Getting the "Semi-Transparent" look through editing.

Hope I can get help with this.

I currently am trying to film and edit a scene where I want one of the characters to be semi-transparent(like a spirit)sitting in a solid looking chair. I have Adobe Premiere, and I am wondering is it a similar process to making someone "disappear"(filming scene with character, then filming same area without and dissolving)?
I haven't tried it yet, but would this be a) filming the chair, b) filming person in chair with same angle and c) changing opacity of person in chair and overlaying with "chair only scene" and/or Video Merging?

Or is there an easier way to do it?

Any advice would be greatly appreciated!
 
What you do is film the scene without the person.
Then you seperately film the person in the pose you want against a green or blue screen. Then you should be able to use a chroma keyer feature to key out the blue/green.
Then you layer the video with the character into position over the other video of the scene.
You should then be able to simply lower the opacity of the video of the character making them ghostly.

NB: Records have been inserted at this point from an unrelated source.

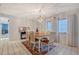 Elegant dining area with chandelier lighting, neutral walls, and comfortable seating at 111 Tidy Island Blvd # 111, Bradenton, FL 34210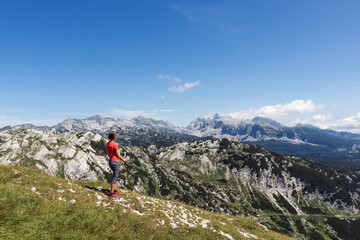 Fototapeta premium Woman enjoying an amazing view of mountain peaks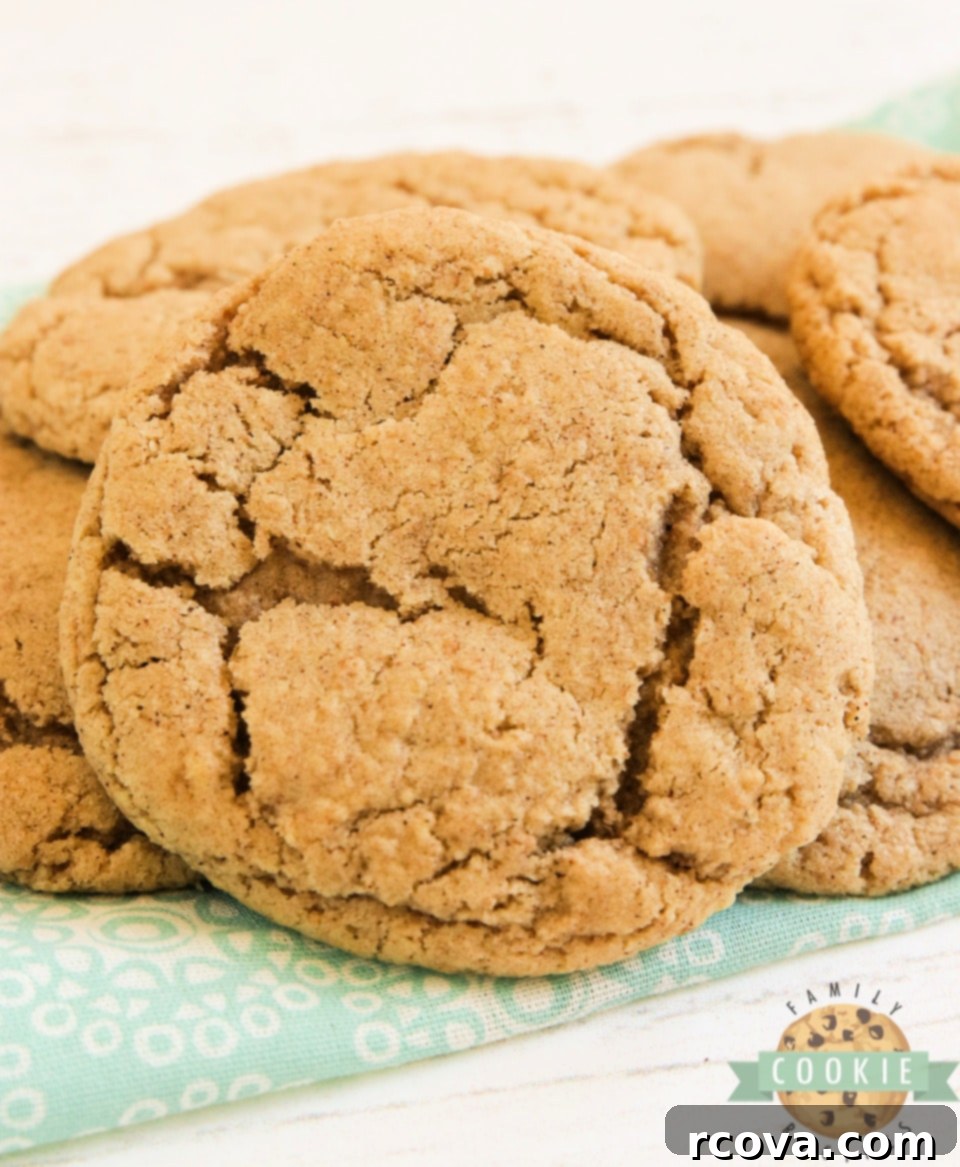 Aromatic Cinnamon Oat Delights 8 A tray of warm Cinnamon Oatmeal Cookies, cooling after baking, highlighting their golden color and texture.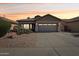 Charming single-story home with desert landscaping and a two-car garage against a vibrant sunset sky at 12425 W Jefferson St, Avondale, AZ 85323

You could even add some glow or blur effects.
 
Actually, Tinalera, I think the method you describe is easier than keying. The only hitch would be if you have another person in the shot that you want to appear solid. That actor either has to not move at all or you need to combine the shots with a split screen.

If I were you, I'd do it exactly as you describe...oh, wait, I DID do that in my most recent film! :)
 
keying is actually pretty easy.
But doing it your way there are some flaws. If you filmed the whole sene with the person and the whole scene with out the person. Then lowered the opacity of the of the footage with the person and overlayed it, it wouldn't line up properly. You'd get a ghost image of the whole scene.
If you want to have just the person ghosted, you have to key it or get something like adobe after effects which allows more hands on manipulation than premiere.
 
Basically, the method you are describing is a "lock off" shot, meaning on a tripod with no movement because the 2 shots won't match up. As long as the non-ghost actors don't overlap the actor playing the ghost, you should be fine. Put the "real" world on a lower video track, underneath the "ghost" video, then lower the opacity, exactly as you described.

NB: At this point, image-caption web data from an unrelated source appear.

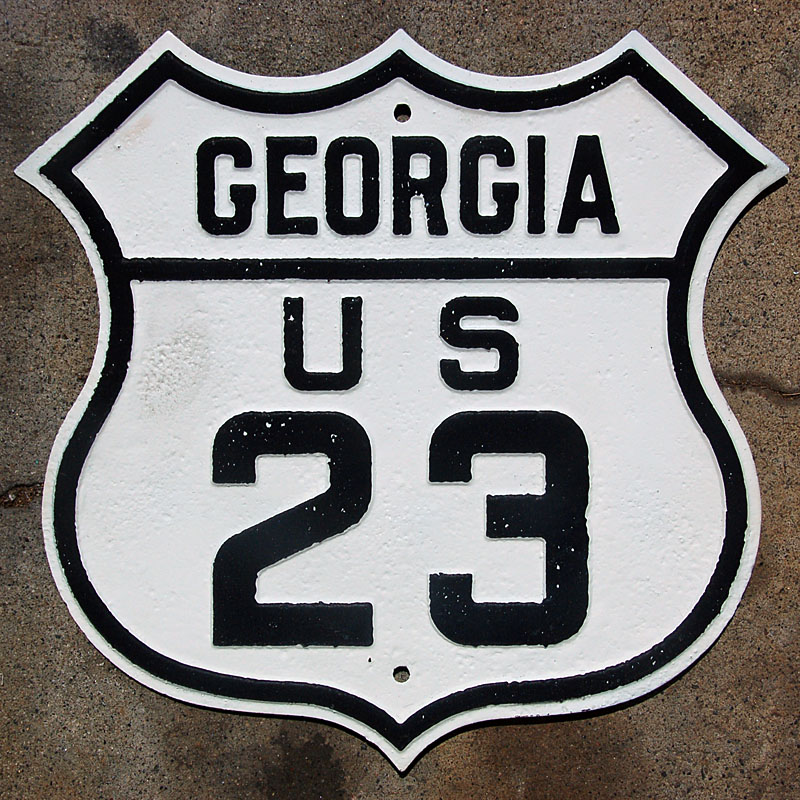 The front of the sign has been restored with white and black paint, and reflective glass beads.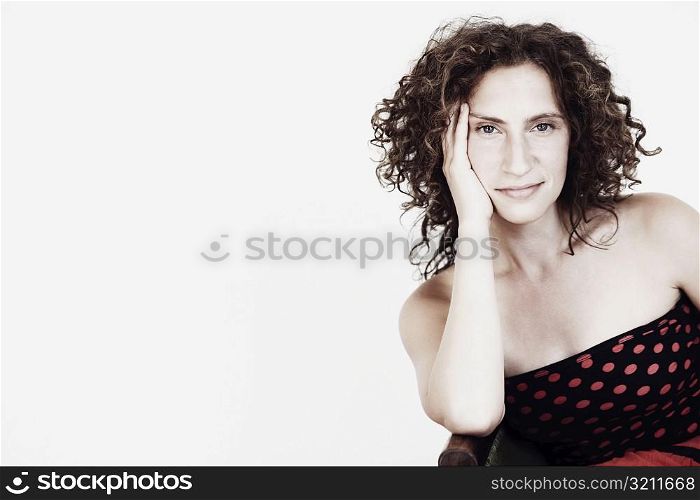 Portrait of a mid adult woman smirking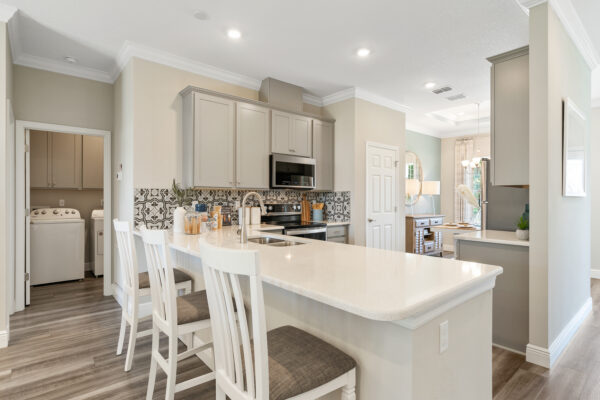 The kitchen island in the Highland floorplan from the Cornerstone collection by Holiday Builders.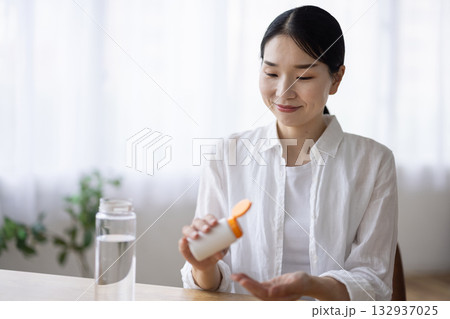 錠剤を飲もうとするミドル女性 132937025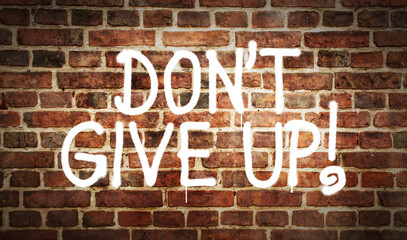 Don't give up sign spray painted on the brick wall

The typical thing is exactly as described, use some glow and blur effects to sell the idea.

You can create masks in After Effects that aren't as effective in Premiere, so you may want to learn the basics of AE.
 
Thanks for all the ideas and suggestions so far!

I tried the one I described, and it works pretty well, though I hadn't thought of using the blue/green screening!

The two characters sit at opposite sides of a table, and in my test runs it seems to be working fairly well.

I may try the screening and see what result it gives me.